低反発シートも期待どおり、いいかんじでしたし、なによりプライベートカーテンがあるから、
自分だけの世界に浸れるんですよ。これ一番大事!

夜行バス歴は実はかなり長い私。20代の頃は何度も使ったし、その頃は窓にカーテンなんかなくて、
景色見放題だったんですが、それが良かったんです!
非日常な景色を見つめながら、夜のしじまを駆け抜けてゆく感覚が好きで、バスに乗ってました。
特に一番前の左側の席(通称オタ席という、と先日お客さんとバス談義で盛り上がったような記憶が・・・)がお気に入りで、
そこがとれたら寝てるなんてもったいない!と、ずーっと朝までビュンビュン通り過ぎていく景色を見つめ、
考え事をしていた気がします。

でも私が30代になって夜行バスに乗ったら、窓はカーテンでビシッと隙間なく閉じられるようになっていた。
当たり前の事なんですよね、とにかく乗客の方々は寝てしまいたい、というのが総意でしょう。
私は窓の外が見たくて仕方がなかったけど。

だから今回、カーテンはありがたかった。といっても、光漏れしないようにそーっと隙間からしか外を見なかったけど。
それでも、チラチラ見えた外の景色、空、トラックの群れ、それらは旅のはじまりの気分を一層盛り上げてくれました。
時々床がブルーの照明に染まって、ホント竜宮城気分でしたよ。

問題はサービスエリア。ここでウロウロするのも大好きなのですが、というかトイレ行くから必ず降りるのですが、
夜行バスに乗って毎回とまどうのが、サービスエリアから自分のバスに戻る時。


うわわわーーー!バスが多すぎてどのバスに戻ったらいいのかわからんーーー!状態。

しかしこんな時にも安心。

「プルメリア」という目立つ電飾が煌々としているので、大丈夫。
無機質なバスの群れの中でポツン、と咲いた花のようなカワイイ奴。(最初のサービスエリアでかなーり情が移ってます)
たくさんあるバスの中で、必ずあなたを見つけるわ、私、みたいな(夜中で壊れております♪)
しかもドア付近で待ってくれている乗務員さん、寝ぼけててよく覚えてないけど、結構若くてかんじのいいお兄さんでした。
この写真、スポットライトの位置も最高で、床に模様まで出来てるし、なんか舞台装置みたいに映ってるし、
まさに「プルメリアの伝説」ってかんじ。(妄想炸裂ですな・・・)


こんな冊子も発行しているんです。こういうのは好きだから勿論、お持ち帰り。
社長さん(ネコなのか?)は25年前、佐川急便の運転手で、昼夜問わず働き節約を重ね・・・というところから
スタートされているようで、いやー、私はまだまだ頑張りが足りんな、とおおいに刺激を受けたのでありました。
えっと・・・まわしものではありませんので!

しばらく18切符ばかり使っていて、夜行バスにはすっかり縁遠くなっていたのですが、
時間を有効に使おうと思えば、夜行バスが一番なのですよね。宿泊費も浮くし。
事前予約でトイレに近い独立シートを選択できるし、40代の女ひとりバス移動は予想していたよりもずっと快適でした。

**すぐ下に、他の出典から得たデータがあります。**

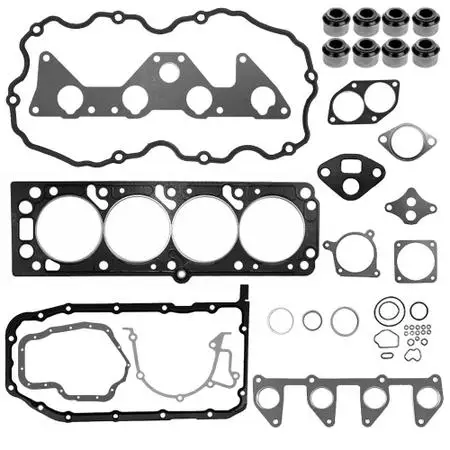 Junta de motor completo para Astra G
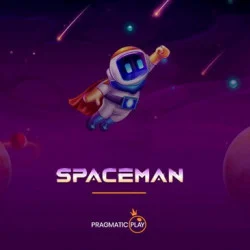 Spaceman 79b login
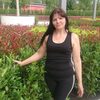 Анна, 45, г.Николаев Анна, 45, г.Николаев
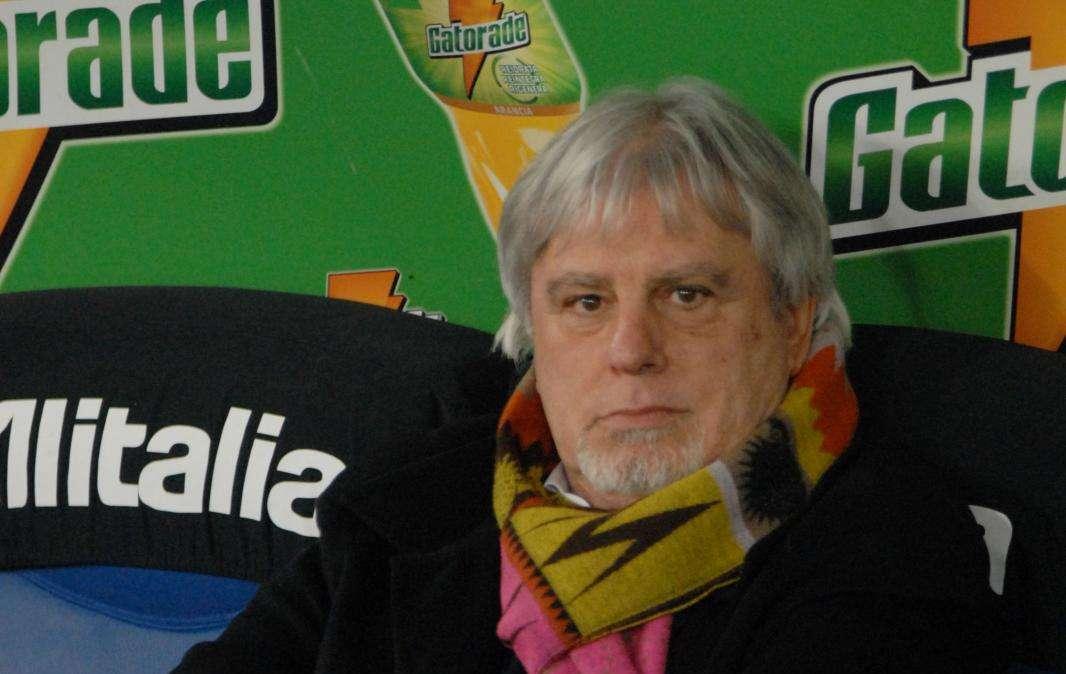 Brescia, Maifredi: "Cuore e un po' di fortuna: così abbiamo sovvertito il pronostico"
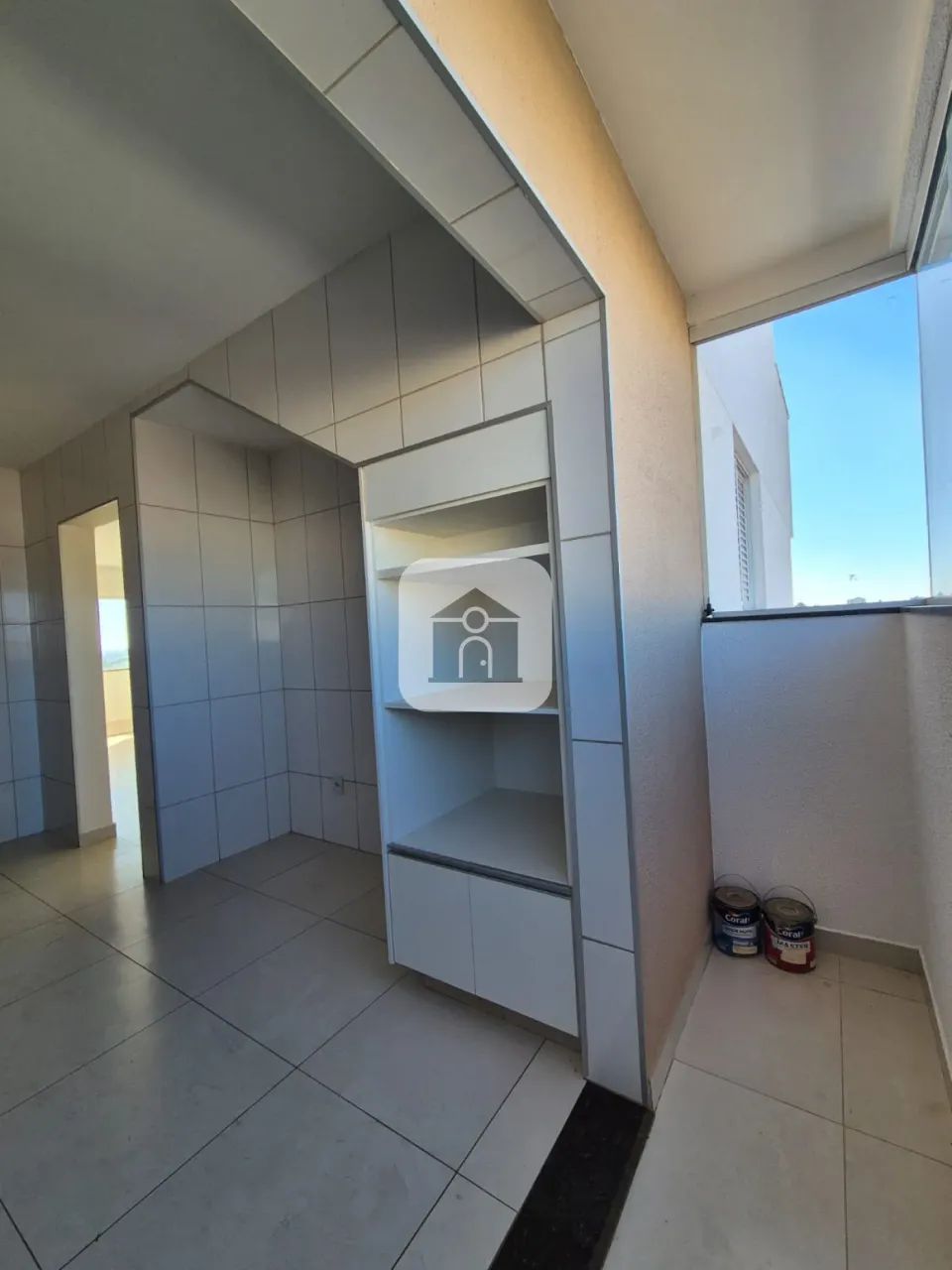 Apartamento para venda no bairro Martins - Foto 4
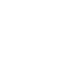 nmls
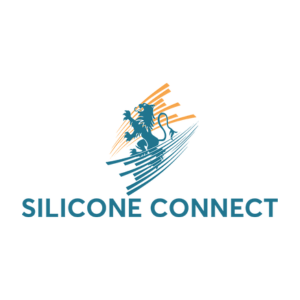 SILICONE CONNECT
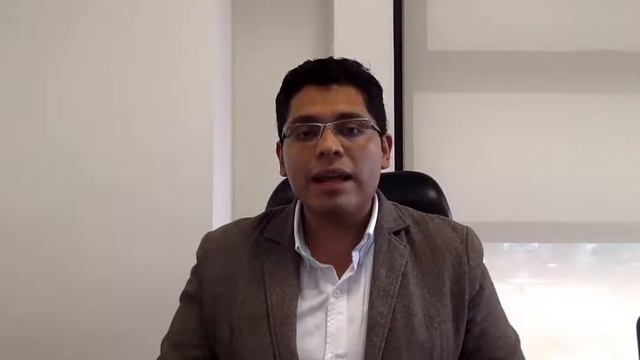 Tiempos, movimientos y apego a protocolos смотреть онлайн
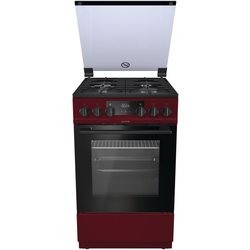 Gorenje K 5341 RF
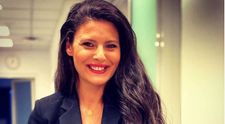 Ramona Păuleanu a făcut anunțul în direct! Prezentatoarea PRO TV este însărcinată cu gemeni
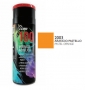 bombolette_spray_vmd_acrilico_2003_arancio_pastello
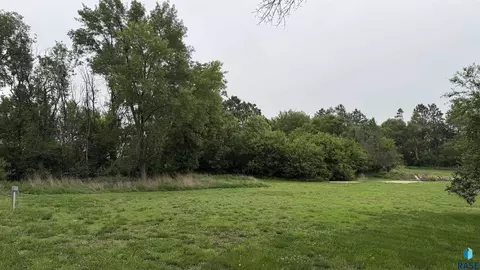 Other - 47608 300th St, Alcester, SD 57001 photo 6 of 19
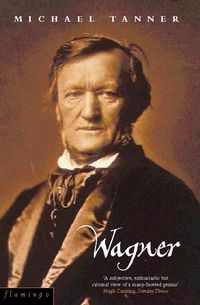 Produktbild: Wagner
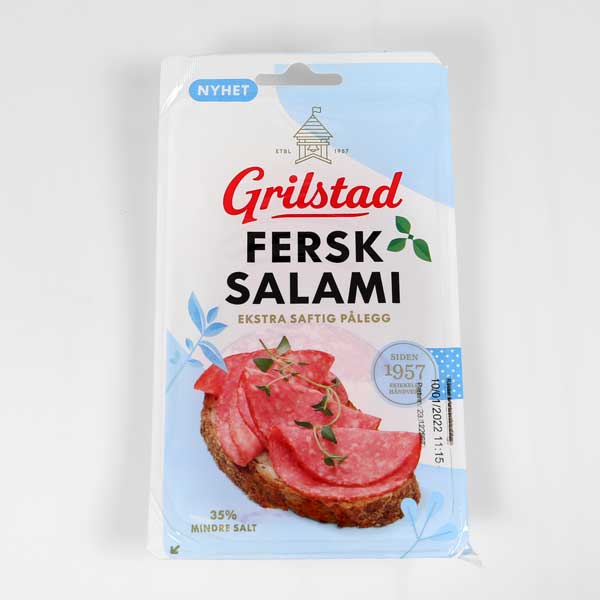 grilstad-fersk_salami
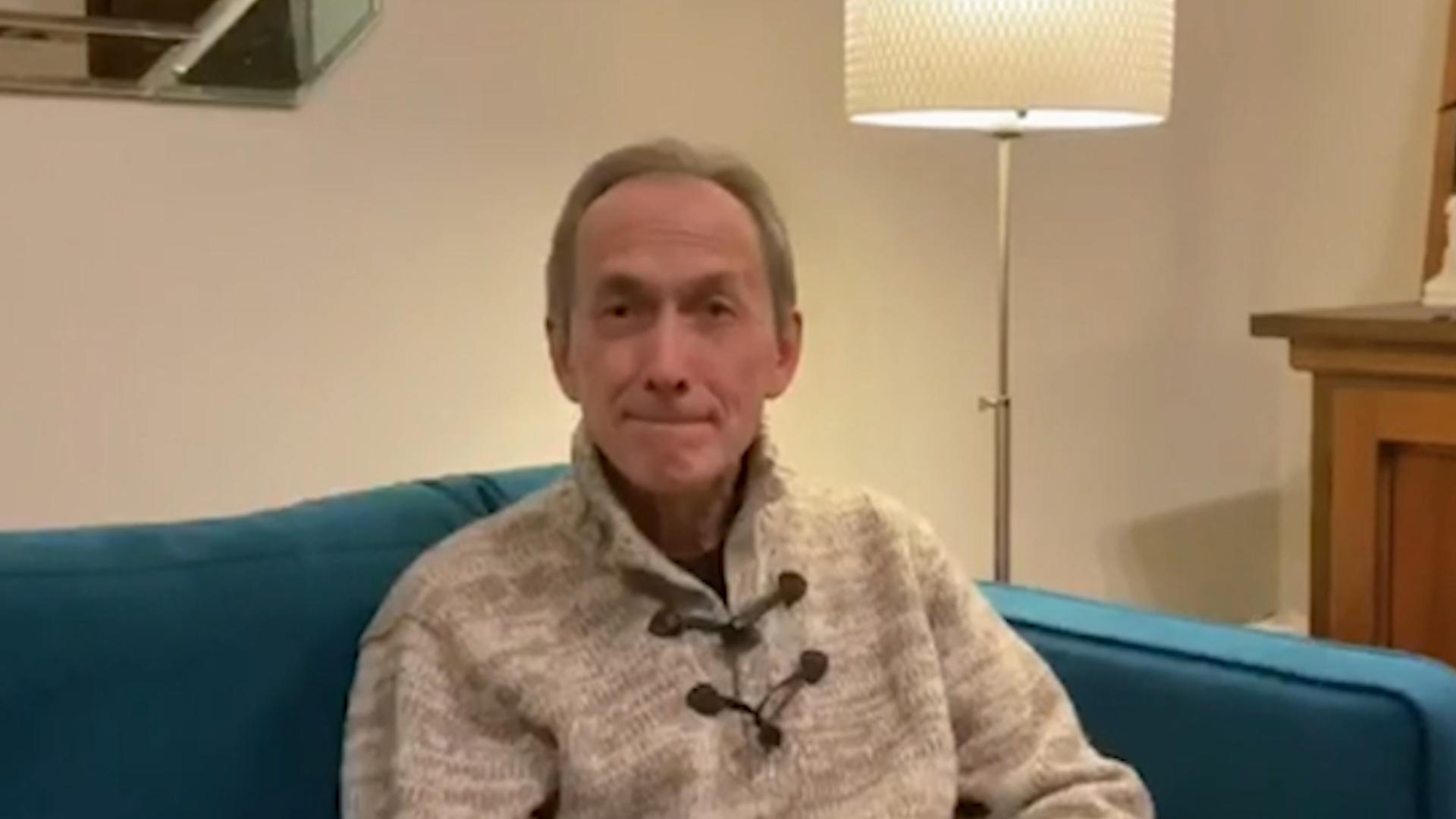 Фото: соцсети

名残惜しくバスを降りると、目の前は京都駅でテンション上がる。
今回は京都にはほんのちょっとしか滞在できなかったので、またじっくりと過ごしに来たいですね。
駅の階段を上がると、待ちに待ったせんとくんとの対面に朝からヒートアップ!

                
京都なのにせんとくんに夢中。せんとくんものを見る度に写メっちゃう。  こちらは奈良駅のせんとくん。

嫌いな人もいるかもしれませんが、私はかなり好きです。恋レベルです。
ひとり旅中って、心の恋人を決めてる方が楽しいじゃないですか。
奈良を歩いていると、あちこちにせんとくんが居るから、都内に帰ってきて全く姿を見ないのが
当たり前とはいえとても淋しかったですね。

奈良といえば、鹿ですね。
        
奈良には鹿がよく似合う・・・                   等間隔で佇む鹿たち。かわいい!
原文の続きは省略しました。